1939’s ‘Gone With the Wind’ Remains the Top-Grossing Movie of All Time

Source: Public Domain / Wikimedia Commons

“Gone With the Wind,” the lavish romantic movie about the Civil War and the years just afterward, based on a best-selling novel, remains the top-grossing movie of all time. On an inflation-adjusted basis, the 1939 film had ticket sales of $1.823 billion, which puts it well ahead of any other ever made, according to Box Office Mojo. Measured on this basis, the current blockbuster, “Avengers: Endgame,” has no chance to catch it, with its domestic ticket sales of about $620 million, as of the latest data.

Without an adjustment for inflation, “Gone With the Wind” still posted a remarkable number when it was released, at $201 million. That would put it on par with the first movie in the Toy Story animated film franchise, which was released in 1995. “Gone With the Wind” cost $3.9 million to make. “Toy Story,” however, is not among the 25 top grossing films of all time.

“Gone With the Wind” had several advantages when it was released. The movie was based on a novel of the same name by Margaret Mitchell. Released in 1936, it was the best-selling book in America in 1937 and 1938. Mitchell received the Pulitzer Prize for Fiction for the novel in 1937. It was the only book she ever wrote. More than 30 million copies have been printed since its release.

The other critical advantage “Gone With the Wind” had was that it starred some of the greatest and most famous movie actors of all time.
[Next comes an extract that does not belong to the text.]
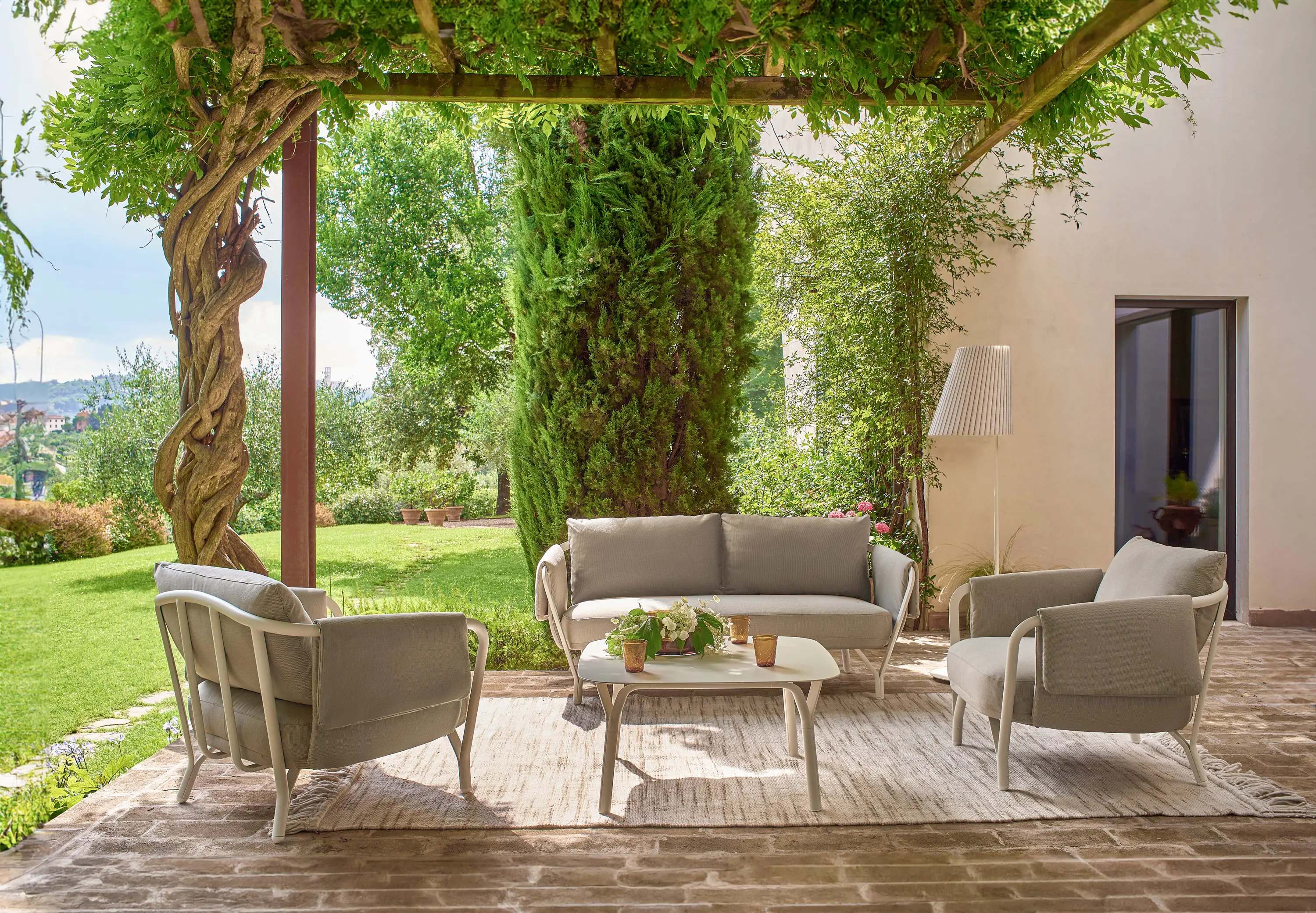EMU Group - Angel Armchair | 9042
Clark Gable, Vivien Leigh, Leslie Howard and Olivia de Havilland were household names in the late 1930s and 1940s. Gable remains among the most famous actors of all time. His nickname was the “King of Hollywood.”
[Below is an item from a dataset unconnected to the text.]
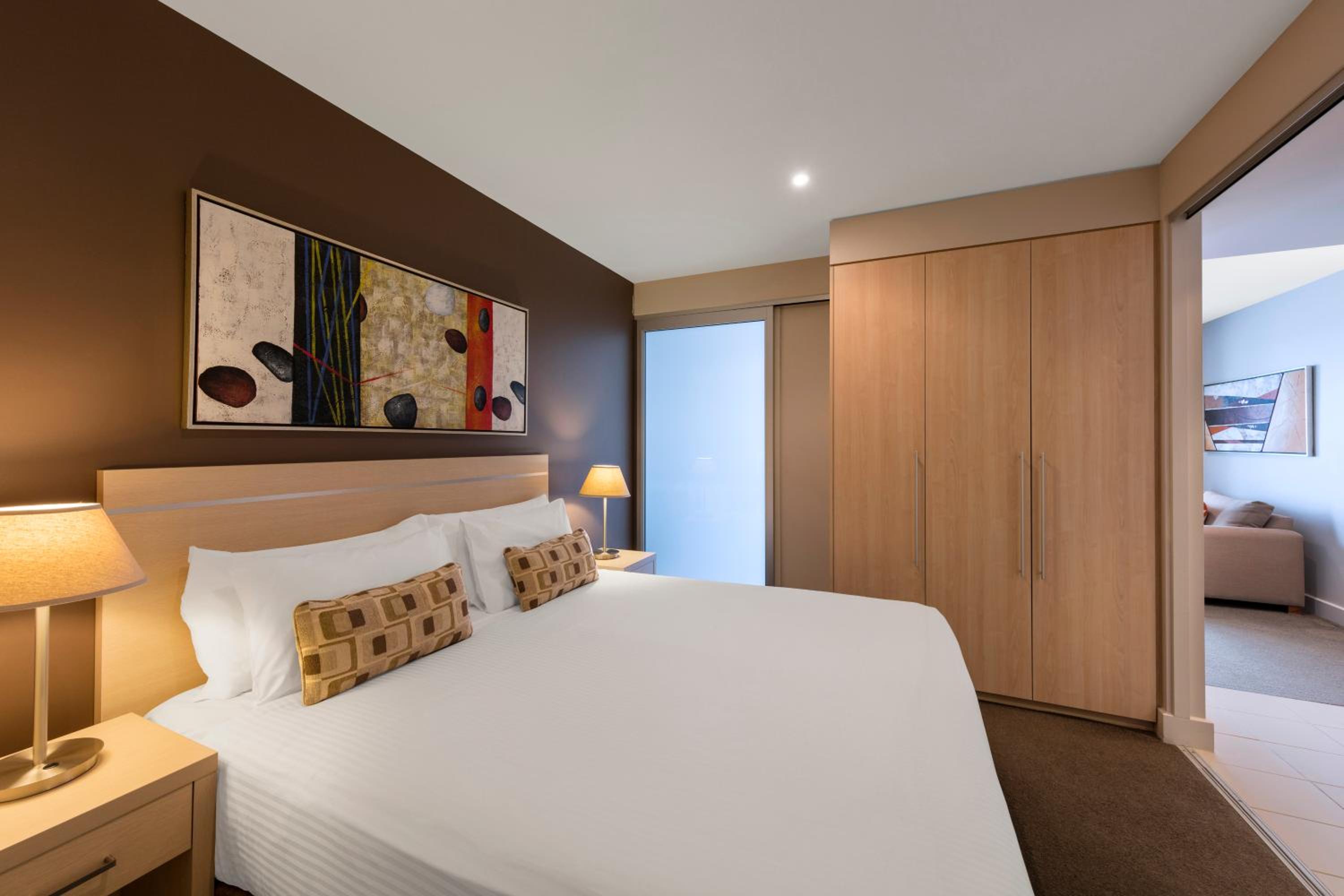 One-Bedroom Apartment with Ocean View - Photo 1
“Gone With the Wind” also has among its legacies being one of the most awarded movies of all time. It won the Academy Awards for best picture, best director, best actress, best supporting actress and best adapted screenplay. Gable was nominated as best actor but did not win. It is ranked sixth on the American Film Institute’s Greatest American Movies of All Time list. However, it was excluded from at least one list of the 100 best movies of all time.

“Gone With the Wind” has one other major distinction. It was among the longest famous movies ever made, with a running time of three hours and 58 minutes. Coincidentally, “Avengers: Endgame” is also extremely long for a feature film, coming in at three hours and two minutes.

With its inflation-adjusted gross of $1.83 billion, there is a very real chance “Gone With the Wind” will never be eclipsed for the distinction of top-grossing American film ever.